New Jersey Supreme Court

Decided: July 10, 1970.


For affirmance: Chief Justice Weintraub and Justices Jacobs, Proctor and Schettino. For reversal: Justices Francis, Hall and Haneman. The opinion of the Court was delivered by Proctor, J. Francis, J. (dissenting). Justices Haneman and Hall join in this dissent.


[56 NJ Page 501] This appeal involves the question of intrafamily tort immunity. On October 16, 1967, an automobile owned and operated by the plaintiff, Carroll E. France, Jr. and a tractor-trailer, owned by the defendant, A.P.A. Transport Corp., and operated by its employee William N. Wilson, were involved in a collision. Plaintiff's wife, who was killed

[56 NJ Page 502]

in the accident, was a passenger along with the couple's two unemancipated children. Two actions were brought. In the first, Carroll E. France, Jr. and his two children by their father as guardian ad litem sued the defendants for personal injuries and property damage. In the second action, Carroll E. France, Jr., as the administrator of the estate of his wife (she having died intestate) and as administrator ad prosequendum sued the defendants under the the Executors and Administrators Act (N.J.S.A. 2A:15-3) and the Wrongful Death Act (N.J.S.A. 2A:31-1 et seq.). The action for wrongful death was for the benefit of the husband and the two surviving children. The defendants counterclaimed for contribution against the plaintiff, individually, for all sums found due to the estate of his wife under the survival and death action. The plaintiff moved for summary judgment on the claim for contribution contending that it was barred by the doctrine of intra-family immunity. The trial court denied the motion and the Appellate Division denied leave to appeal. We granted plaintiff leave to appeal from the Appellate Division's denial.

The present suit involves the validity of both interspousal and parent-child tort immunity. Because of our decision in Immer v. Risko, 56 N.J. 482 (1970), decided today, it is unnecessary to discuss interspousal immunity further. If there were no minor children involved in this case, defendants would be entitled, under Immer, to assert their counterclaim for contribution against the plaintiff under the Joint Tortfeasors Contribution Law. N.J.S.A. 2A:53A-1 et seq. Cf. Kennedy v. Camp, 14 N.J. 390, 395 (1954). But, under Heyman v. Gordon, 40 N.J. 52 (1963), defendants' claim would still be barred by the doctrine of parent-child immunity.*fn1

[56 NJ Page 503]

The doctrine of parent-child immunity was first articulated in 1891 by the Mississippi Supreme Court in Hewlett v. George, 68 Miss. 703, 9 So. 885. There the court refused to allow a child to maintain a false imprisonment action against her mother for maliciously confining her in an insane asylum.
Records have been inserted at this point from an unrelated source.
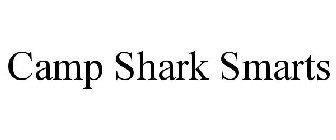 CAMP SHARK SMARTS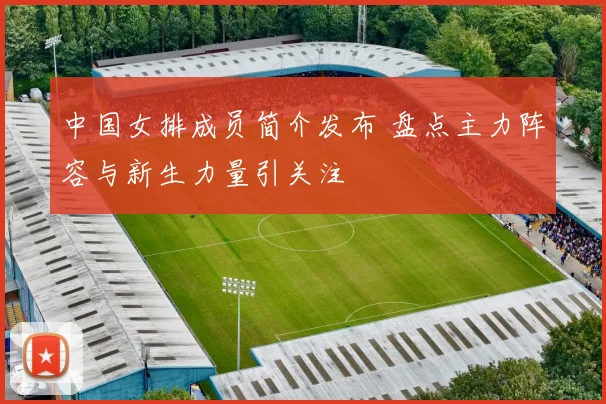 中国女排成员简介发布 盘点主力阵容与新生力量引关注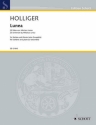 Lunea fr Bariton und Klavier oder Ensemble originale Klavierfassung u. Klavierauszug der Fassung Bariton/Ensemble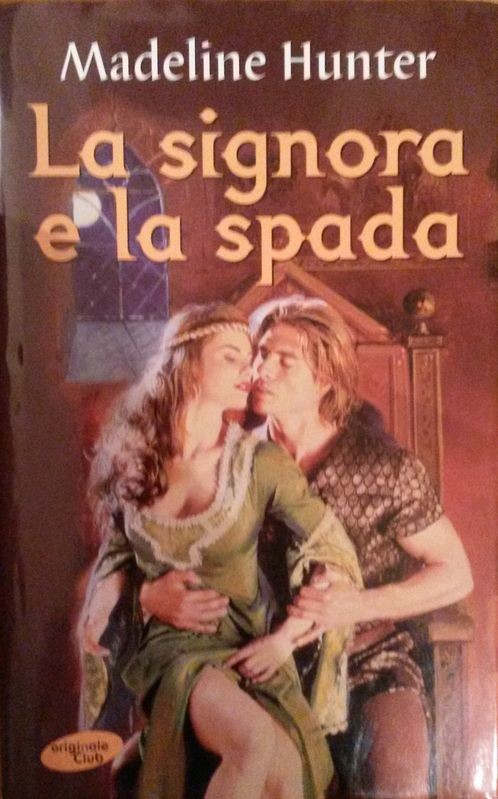 La signora e la spada,Madeline Hunter,Mondolibri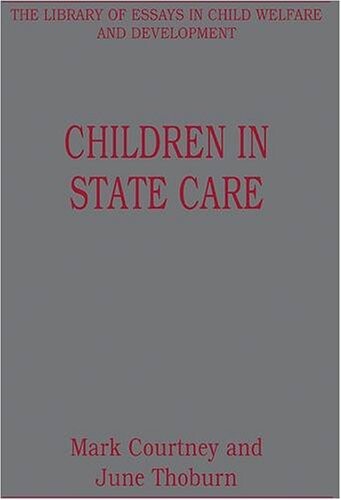 Children in State Care (The Library of Essays in Child Welfare and Development)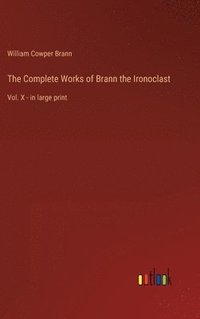 bokomslag The Complete Works of Brann the Ironoclast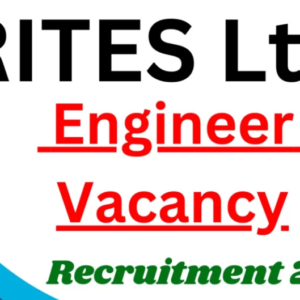 RITES Ltd Recruitment 2025 Notification for Engineer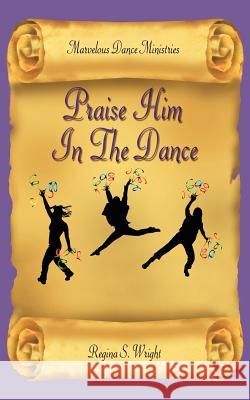 Praise Him In The Dance Dance Minist Marvelou Regina S. Wright 9781420804621 Authorhouse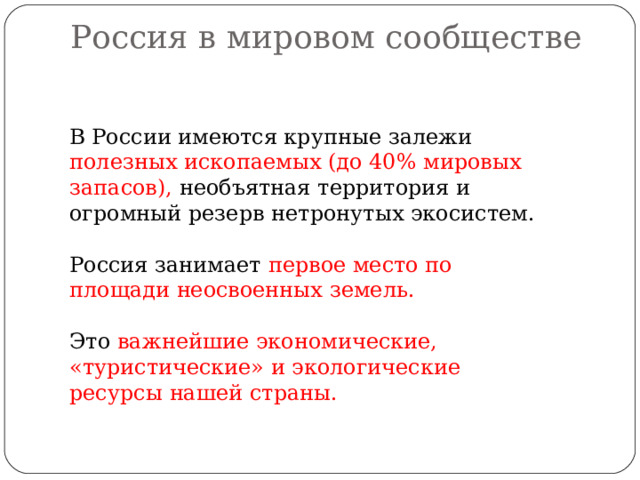 Россия в мировом сообществе   В России имеются крупные залежи полезных ископаемых (до 40% мировых запасов), необъятная территория и огромный резерв нетронутых экосистем. Россия занимает первое место по площади неосвоенных земель. Это важнейшие  экономические, «туристические» и экологические ресурсы нашей страны.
The court cited no authority but based its decision on the grounds that the peace of society and repose of families forbid a minor child to sue his parent for personal injuries. Hewlett was followed by McKelvey v. McKelvey, 111 Tenn. 388, 77 S.W. 664 (1903) and by Roller v. Roller, 37 Wash. 242, 79 P. 788 (1905). In the Tennessee case, the court denied the minor the right to sue her parents for cruel and inhuman treatment, and in the Washington case, the court refused to entertain a suit by a minor against her father who had raped her.

These three decisions were later called "the great trilogy" upon which the American rule of parent-child tort immunity is based. Akers & Drummond, "Tort Actions Between Members of the Family -- Husband & Wife -- Parent & Child," 26 Mo. Law Rev. 152, 182 (1961). This rule, which was not previously established in either England or this country, was adopted by this state in the 1935 decision of Reingold v. Reingold, 115 N.J.L. 532 (E. & A.). In Reingold, a nineteen year old unemancipated child was barred from recovering damages for injuries suffered while a passenger in an automobile owned by her stepmother and negligently operated by her father. The opinion relied on Hewlett and the North Carolina case of Small v. Morrison, 185 N.C. 577, 118 S.E. 12, 31 A.L.R. 1135 (1923), which also relied on Hewlett. The philosophy behind the immunity doctrine articulated by the court was that of preserving the family relationship. Unlike interspousal immunity, there is no question of any statutory bar to suits between parent and child. Accordingly, the only question we need consider on this appeal is whether Reingold and the subsequent cases which have reaffirmed its principle (e.g., Hastings v. Hastings, 33 N.J. 247 (1960); Heyman v. Gordon, 40 N.J. 52

[56 NJ Page 504]

(1963); Franco v. Davis, 51 N.J. 237 (1968)), should remain the law of this State. In the last three decisions, this Court has been divided four to three in upholding the immunity.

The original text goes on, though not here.